Не было смысла кормить птицу насильно, да и не хотелось добавлять страданий умиравшему. Винить тоже было некого: птица погибала из-за собственной оплошности. Но пока она была жива, ее можно было показать студентам: как-никак — стриж, а не какой-то воробей или голубь, которых можно разглядеть до перышка на любой остановке. Положил я бедолагу в футляр от большого бинокля, а он лишь глаза приоткрыл немного.

Экскурсия в тот день была на песчаный пустырь, начинавшийся у последней автобусной остановки и еще не занятый строительством, — этакий заповедничек под боком у большого города. Солнце еще не обсушило траву, и над пустырем висел цветочно-медовый дух: цвел качим перекати-поле. И словно крылатые косари (кое-где на верхней Волге стрижей и называют косарями), носились над зарослями качима на бреющем полете десятки черных птиц.

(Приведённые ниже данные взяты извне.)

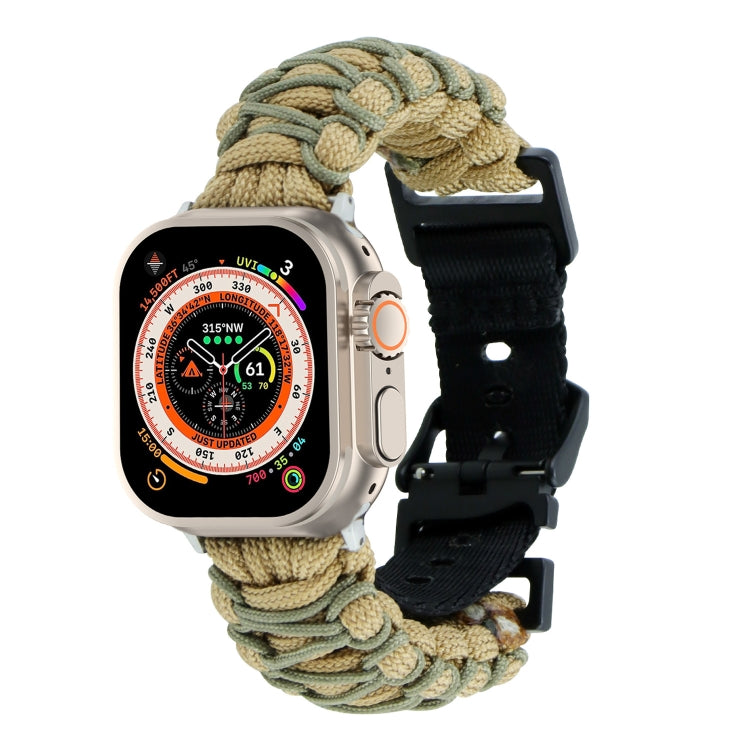 For Apple Watch Ultra 2 49mm Dual-layer Braided Paracord Buckle Watch Band(Khaki Army Green) by bashfashion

Интересная эта трава: метровый куст-шар лежит на голом песке, словно сгусток сизоватого дыма. Неисчислимое количество крошечных беловатых цветочков днем и ночью источают медовый аромат. И весь день носятся в их аромате стрижи, словно не могут надышаться им. Но они тут по другой причине: за душистым нектаром летит на качим множество мелких насекомых, а на этих сладкоежек и охотятся стрижи, зная, где и когда зацветает эта трава.

Стриж как-то не оценивает, да и не знает ту опасность, которая может подстерегать его с земли. Мимо неподвижно стоящего или сидящего человека он может летать так близко, что вжиканье его острых крыльев и отчетливое пощелкивание клювом слышатся очень отчетливо. Каждый щелчок — пойманное насекомое. Верткая и еле различимая добыча столь мелка, что кажется в отблеске солнечных лучей сверкающей пылинкой, которая мечется в маленьких вихрях, закрученных стрижиными крыльями. А скорость и маневренность охотящихся птиц таковы, что даже у лица не удается разглядеть ни деталей наряда, ни взгляда, только черное мелькание. И никто не столкнется друг с другом, крылом о крыло не заденет, на одну жертву вдвоем не бросятся.

Добыча — мелкие мухи, крошечные жучки, маленькие наездники, крылатые тли, моли и прочая мошкара. Набрав ее полный рот, стриж улетает к гнезду, неся птенцам сразу три-четыре сотни насекомых. Отдавая корм, он не потеряет ни единой козявки, потому что все склеено в единый комочек, как в пакет, клейкой слюной. Не то, что у грачей, птенцы которых из-за торопливости и жадности роняют иногда на землю до трети принесенного родителями корма.